2015-05-15 Thread Dong Lin


> On May 13, 2015, 11:50 p.m., Aditya Auradkar wrote:
> > clients/src/main/java/org/apache/kafka/common/metrics/stats/SampledStat.java,
> >  line 45
> > 
> >
> > I think this is a good catch.
> > 
> > Just so I understand, this is adding new samples for blank intervals of 
> > time when record was not called. As an optimization, I think you should 
> > only add "MetricConfig.samples" number of samples. In the rare case, there 
> > is no activity for 10 mins (say), this will add 10sec*6*10 = 600 samples 
> > which will be purged immediately on the next record call.
> 
> Jay Kreps wrote:
> This is a really good point. It is totally possible for a metric to track 
> activity on a topic that has no writes for a month, the first write would 
> then cause you to cycle through a month of samples. The logic around 
> correctly skipping these windows and calculating the correct window boundry 
> needs to be carefully worked out.
> 
> Jay Kreps wrote:
> Actually maybe you can elaborate on why this is needed at all? In the 
> current code if the current sample is complete we add a new sample. Your code 
> adds lots of samples. But why do we need that? Isn't purging obsolete samples 
> handled on measurement already? I think that is more elegant. You must see 
> some issue there, maybe you can explain?
> 
> Dong Lin wrote:
> Adi: Good catch! I will update the patch to fix the problem.
> 
> Jay: Sure. Here is the problem I find with the current code.
> 
> - The current code implements SampledStat.advance in a way that is 
> probably different from users' expectation: typically when rate is sampled, 
> time will be divided into consecutive slots of equal length and samples are 
> expired in unit of these time slots, which assures the user the rate is 
> measured on samples collected in the past expireAge period. The current 
> implementation doesn't provide such an easy-to-understand interpretations, 
> since the effective sampled period can be anywhere between 0 and expireAge.
> 
> - As one extreme example, say we call rate.measure after expireAge (i.e. 
> config.samples() * config.timeWindowMs()) has passed since last sample. Then 
> purgeObsoleteSamples will reset all samples and elapsed will be 0 as a 
> result.

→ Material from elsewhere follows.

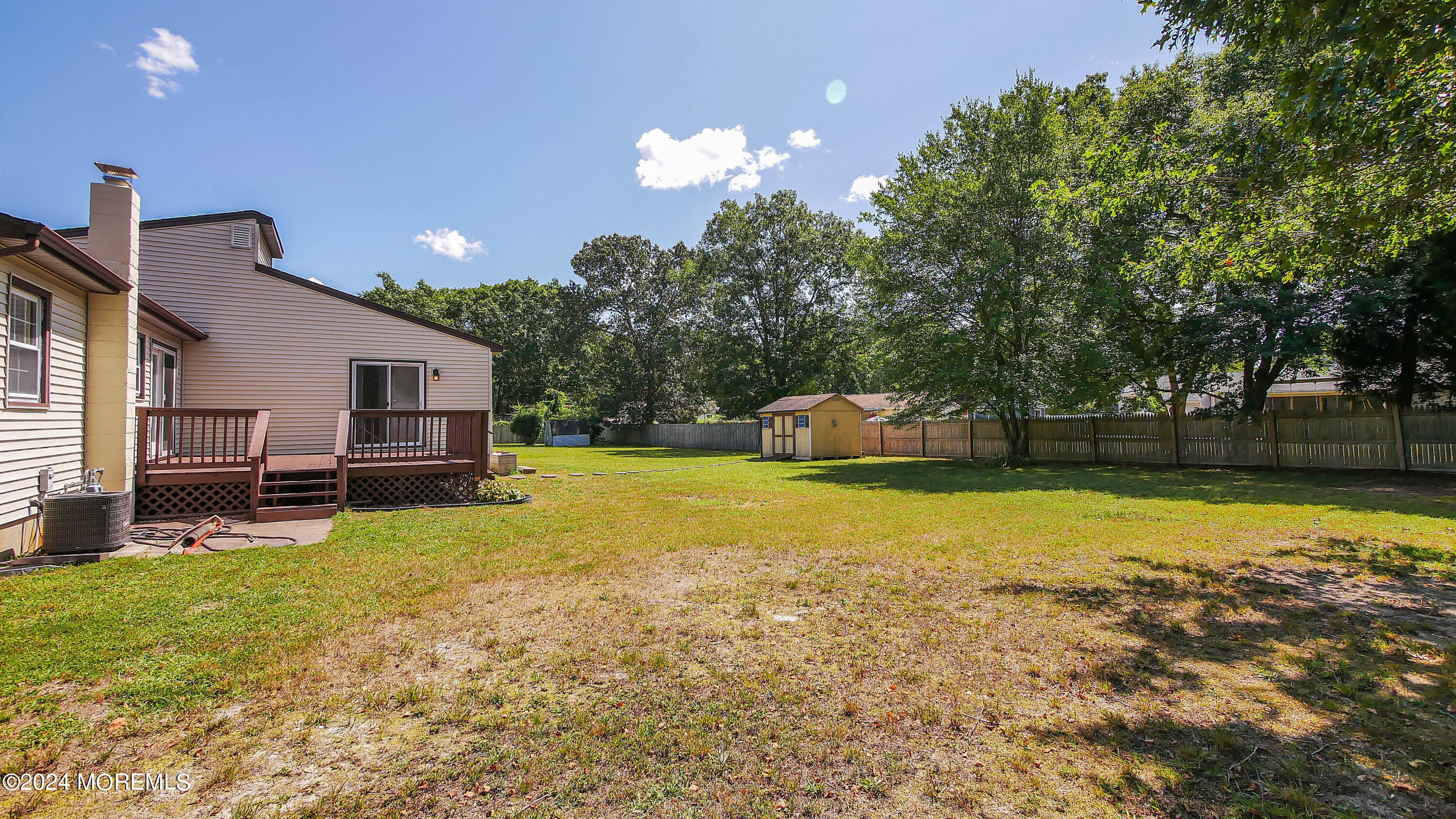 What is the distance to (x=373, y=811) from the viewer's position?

This is problematic: rate should instead keep the information that we 
> haven’t observed any sample during the past expireAge.
> 
> Does it make sense?
> 
> Jay Kreps wrote:
> Hey Dong, I think what you are saying is that the last sample is partial, 
> that is it doesn't cover a full window yet. This is true and is by design. 
> That is the whole reason there are multiple samples--to stabalize the partial 
> estimate. The ideal window would be a backwards looking sliding window of N 
> ms from the time of measurement but that would be computationally unfeasible.
> 
> I don't understand your example. If no events have occurred in 
> config.samples() * config.timeWindowMs() then the observed rate is 0, right? 
> I think you are saying that the time estimate should be the full window, but 
> that is fixed by changing the other formula as I suggested.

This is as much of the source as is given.